Victor Davis CM

Personal information
- Full name: Victor Davis
- National team: Canada
- Born: February 10, 1964 Guelph, Ontario, Canada
- Died: November 13, 1989 (aged 25) Sainte-Anne-de-Bellevue, Quebec, Canada
- Height: 1.88 m (6 ft 2 in)
- Weight: 87 kg (192 lb)

Sport
- Sport: Swimming
- Strokes: Breaststroke, butterfly, individual medley
- Club: Region of Waterloo Swim Club, Pointe-Claire Swim Club

Medal record
Men's swimming
Representing Canada
Olympic Games
| Gold medal – first place | 1984 Los Angeles | 200 m breaststroke |
| Silver medal – second place | 1984 Los Angeles | 100 m breaststroke |
| Silver medal – second place | 1984 Los Angeles | 4×100 m medley |
| Silver medal – second place | 1988 Seoul | 4×100 m medley |
World Championships (LC)
| Gold medal – first place | 1982 Guayaquil | 200 m breaststroke |
| Gold medal – first place | 1986 Madrid | 100 m breaststroke |
| Silver medal – second place | 1982 Guayaquil | 100 m breaststroke |
| Silver medal – second place | 1986 Madrid | 200 m breaststroke |
Pan Pacific Championships
| Gold medal – first place | 1987 Brisbane | 100 m breaststroke |
| Bronze medal – third place | 1987 Brisbane | 200 m breaststroke |
Commonwealth Games
| Gold medal – first place | 1982 Brisbane | 200 m breaststroke |
| Gold medal – first place | 1986 Edinburgh | 100 m breaststroke |
| Gold medal – first place | 1986 Edinburgh | 4×100 m medley |
| Silver medal – second place | 1982 Brisbane | 100 m breaststroke |
| Silver medal – second place | 1986 Edinburgh | 200 m breaststroke |

= Victor Davis =

Canadian swimmer (1964–1989)

Victor Davis, CM (February 10, 1964 – November 13, 1989) was a Canadian Olympic and world champion swimmer who specialized in the breaststroke.

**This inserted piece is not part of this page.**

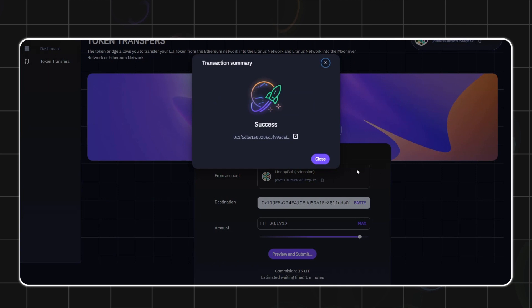Enter your Polkadot wallet password, sign and approve the transaction, then wait for it to be confirmed — it will show up in your MetaMask wallet shortly after. Congratulations, you have successfully transferred your LIT token from Litmus to Ethereum! Thank you for watching; if you have any questions, please don't hesitate to ask.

He also enjoyed success in the individual medley and the butterfly.

==Biography==
Victor Davis was born in Guelph, Ontario. As a boy, Davis learned how to swim in the lakes around his home. He then joined the Guelph Marlin Aquatic Club at the age of 12.

During his career, Davis held several world records as the winner of 31 national titles and 16 medals in international competition. At the 1982 world championships in Guayaquil, Ecuador, he set his first world record while winning the gold medal in the 200-metre breaststroke.

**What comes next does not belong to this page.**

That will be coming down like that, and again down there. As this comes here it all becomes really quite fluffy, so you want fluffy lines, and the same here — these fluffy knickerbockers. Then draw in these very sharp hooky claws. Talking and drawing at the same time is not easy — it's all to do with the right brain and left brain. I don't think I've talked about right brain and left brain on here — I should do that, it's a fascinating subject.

At the 1984 Summer Olympics in Los Angeles, California, he won a silver medal in the 100-meter breaststroke event, then captured the gold medal in the 200-metre breaststroke, in the process establishing another world record. In recognition of his accomplishments, Davis was named Swimming Canada's Athlete of the Year three times and the Canadian government made him a Member of the Order of Canada.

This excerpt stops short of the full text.